Метрополитен-музей, занимающий грандиозное место на Пятой авеню, вдающейся в Центральный парк, был задуман сразу после Гражданской войны, когда группа видных ньюйоркцев решила, что Соединенным Штатам необходим великий художественный музей, способный соперничать с европейскими. Музей был зарегистрирован в 1870 году и переехал в здание на Пятой авеню десять лет спустя. Музей начинался с частной художественной коллекции, состоящей в основном из европейских картин, которая была подарена Джоном Тейлором Джонстоном, железнодорожным магнатом, а также пожертвованиями некоторых его товарищей по разбойничьим баронам. Но с самого начала музей демонстрировал захватывающее напряжение между интересами и потаканием своим богатым сторонникам и более общественной, эгалитарной миссией. Метрополитен-музей должен был быть бесплатным и открытым для публики, но субсидироваться за счет пожертвований богатых людей.

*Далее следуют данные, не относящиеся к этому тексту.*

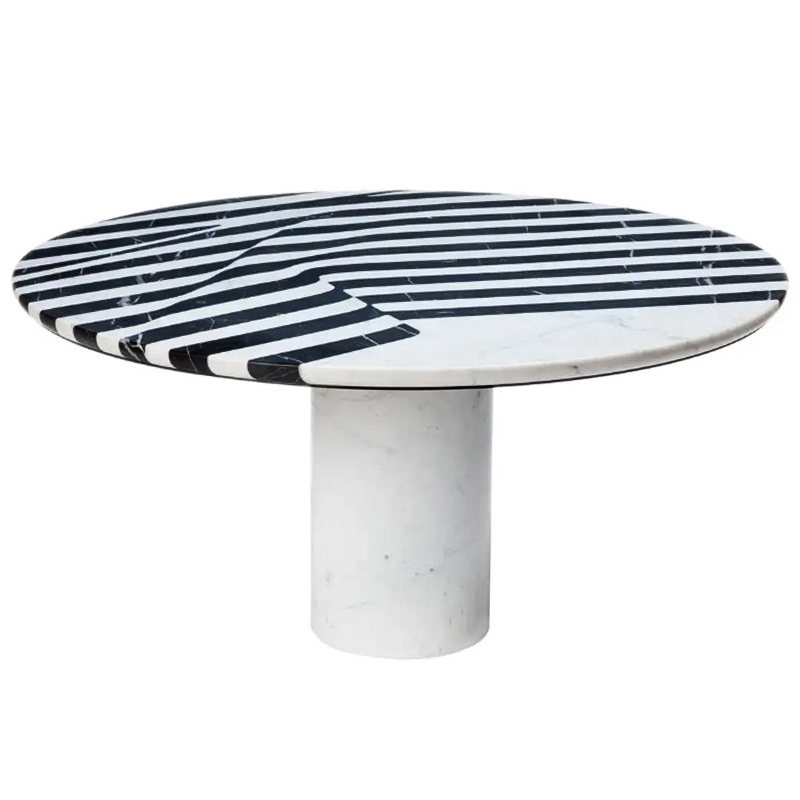 Обеденный стол Safwan Black and White Stripes Dining Table Черно-белый Белый Мрамор Bianco Черный Мрамор Nero в Ижевске | Loft Concept 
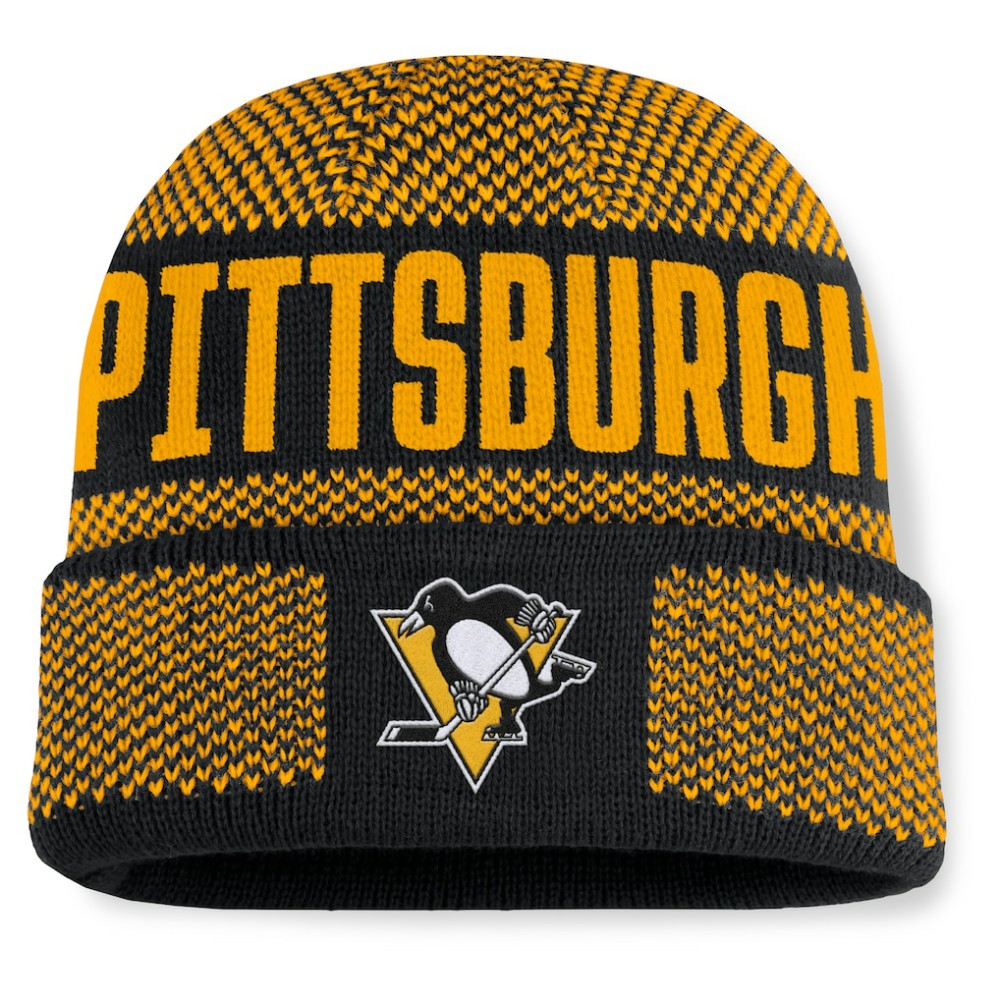 Pittsburgh Penguins Fanatics Fundamentals Shelter Cuffed Knit Hat Black/Gold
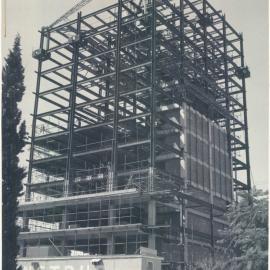 Adelaide Project - 1963-June 1967 - South-west elevation. Portion of steelwork erected to 12th floor level - 10 March 1965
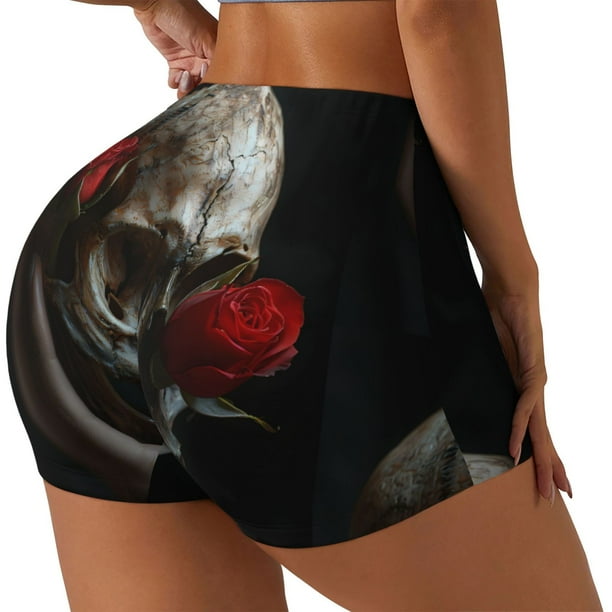 Balery Realistic Rose Skull Pantalones cortos de entrenamiento estampados para mujer, sin costuras, ajustados, para gimnasio, yoga, correr, deportes, ejercicio activo, fitness.-Medium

На открытии музея в 1880 году один из его попечителей, адвокат Джозеф Чоут, произнес речь перед собравшимися промышленниками позолоченного века и, пытаясь заручиться их поддержкой, высказал лукавое замечание о том, что на самом деле филантропия покупает бессмертие: "Подумайте, миллионеры многих рынков, какая слава может еще достаться вам, если вы только прислушаетесь к нашему совету, превратить свинину в фарфор, зерно и продукты - в бесценную керамику, грубые руды торговли - в скульптурный мрамор". Железнодорожные акции и акции горнодобывающих компаний, которые в следующей финансовой панике "несомненно погибнут, как иссохшие свитки", можно превратить в долговечное наследие, предлагал Чоут, в "прославленные полотна мировых мастеров, которые будут украшать эти стены веками". Благодаря такой трансформации, по его мнению, огромные состояния могут превратиться в долговечные гражданские институты. Со временем грубое происхождение щедрости того или иного клана может быть забыто, и будущие поколения будут помнить только о филантропическом наследии, к чему их подтолкнет имя семьи на галерее, крыле, возможно, даже на самом здании.

К началу 1960-х годов Метрополитен стал одним из крупнейших художественных музеев в мире. Но он испытывал трудности. С одной стороны, музей активно приобретал великие произведения искусства. В 1961 году Мет заплатил рекордную для сумму в 2,3 миллиона долларов за картину Рембрандта "Аристотель, созерцающий бюст Гомера". Но в то же время музей с трудом мог позволить себе держать двери открытыми и платить сотрудникам, а чтобы свести концы с концами, полагался на ассигнования из и без того напряженного бюджета Нью-Йорка. С посещаемостью проблем не было: после приобретения Рембрандта за несколько часов мимо картины прошли восемьдесят шесть тысяч посетителей (чтобы, как писали в прессе, оценить, стоит ли "картина цены ракеты"). Ежегодно музей посещают три миллиона человек. Проблема заключалась в том, что никто из них не платил.

Огромное количество посетителей усугубляло еще одну проблему: в здании не было кондиционеров. В разгар лета - пик туристического сезона - в галереях стояла жара. Поэтому музею требовались средства на реконструкцию, которая включала бы установку охлаждающих устройств. В то время директором Метрополитен-музея был коренастый, курящий трубку знаток по имени Джеймс Роример. В 1961 году он объявил, что к открытию Всемирной выставки в Нью-Йорке через три года в Метрополитен-музее будут установлены кондиционеры. Ему нужно было только найти способ заплатить за это. Поэтому он обратился за помощью к Артуру Саклеру.